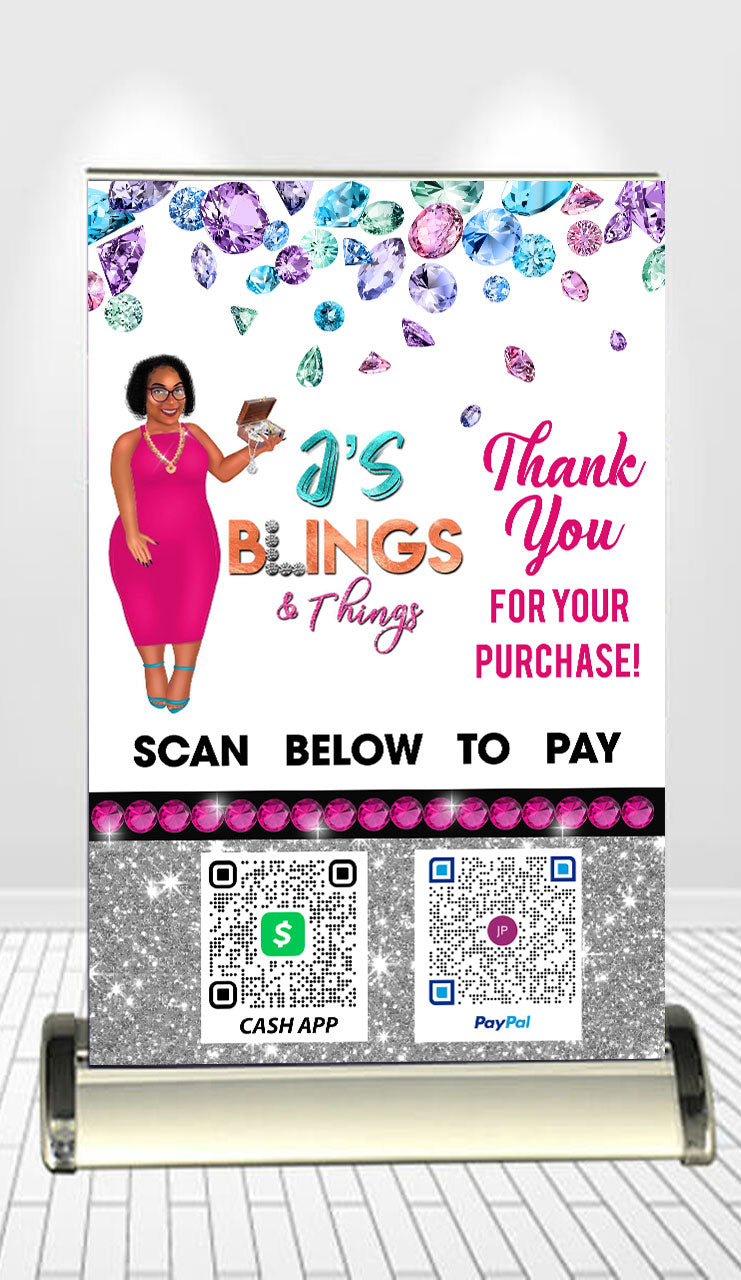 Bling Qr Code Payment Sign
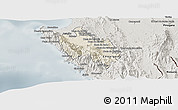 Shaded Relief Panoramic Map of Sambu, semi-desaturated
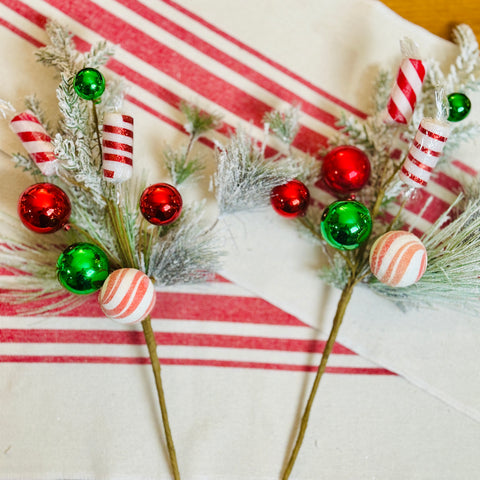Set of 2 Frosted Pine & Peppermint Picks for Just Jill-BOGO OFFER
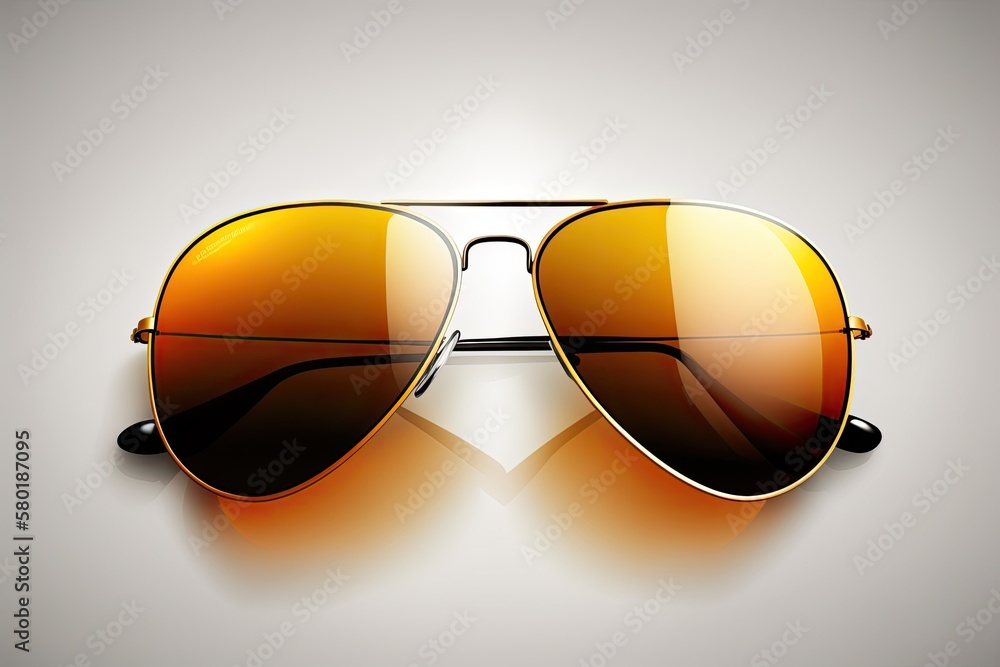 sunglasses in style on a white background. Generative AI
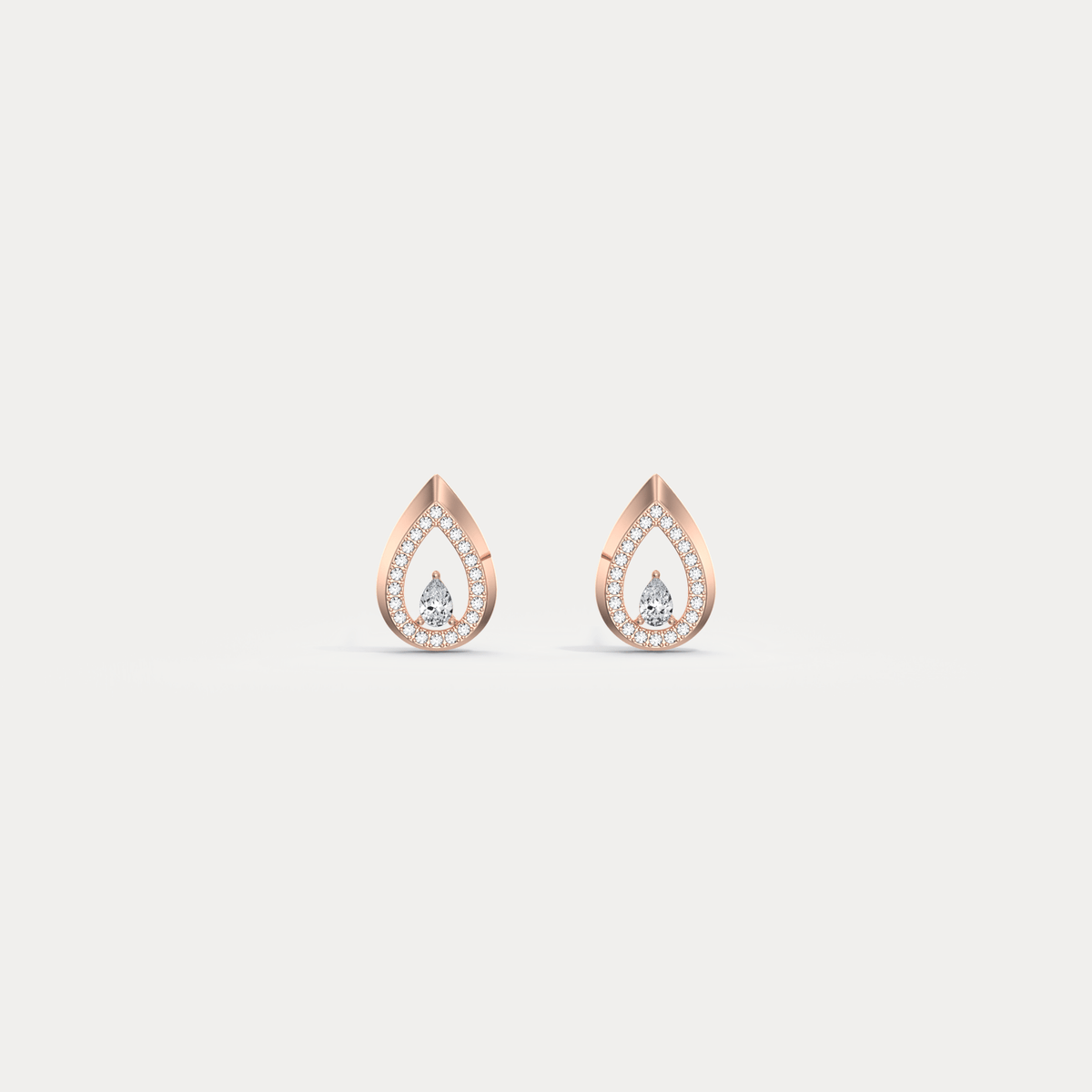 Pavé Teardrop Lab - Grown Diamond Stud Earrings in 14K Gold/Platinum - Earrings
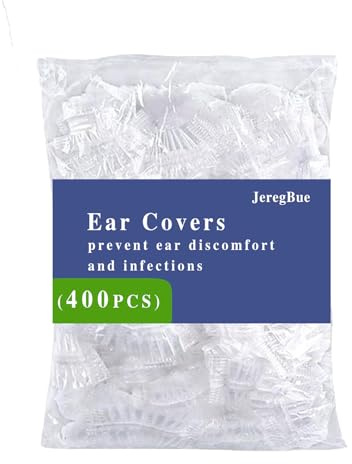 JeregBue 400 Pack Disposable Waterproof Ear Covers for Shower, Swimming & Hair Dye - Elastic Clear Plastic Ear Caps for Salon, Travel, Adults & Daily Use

================================

• _What the exercise asks_
What you set down should be exactly the lines from the line containing "Shaded Relief Panoramic" to the last line of the entries above, both included, with no pictures.

• _Problem solution_
 Shaded Relief Panoramic Map of Sambu, semi-desaturated
Set of 2 Frosted Pine & Peppermint Picks for Just Jill-BOGO OFFER
 sunglasses in style on a white background. Generative AI
 Pavé Teardrop Lab - Grown Diamond Stud Earrings in 14K Gold/Platinum - Earrings
 JeregBue 400 Pack Disposable Waterproof Ear Covers for Shower, Swimming & Hair Dye - Elastic Clear Plastic Ear Caps for Salon, Travel, Adults & Daily Use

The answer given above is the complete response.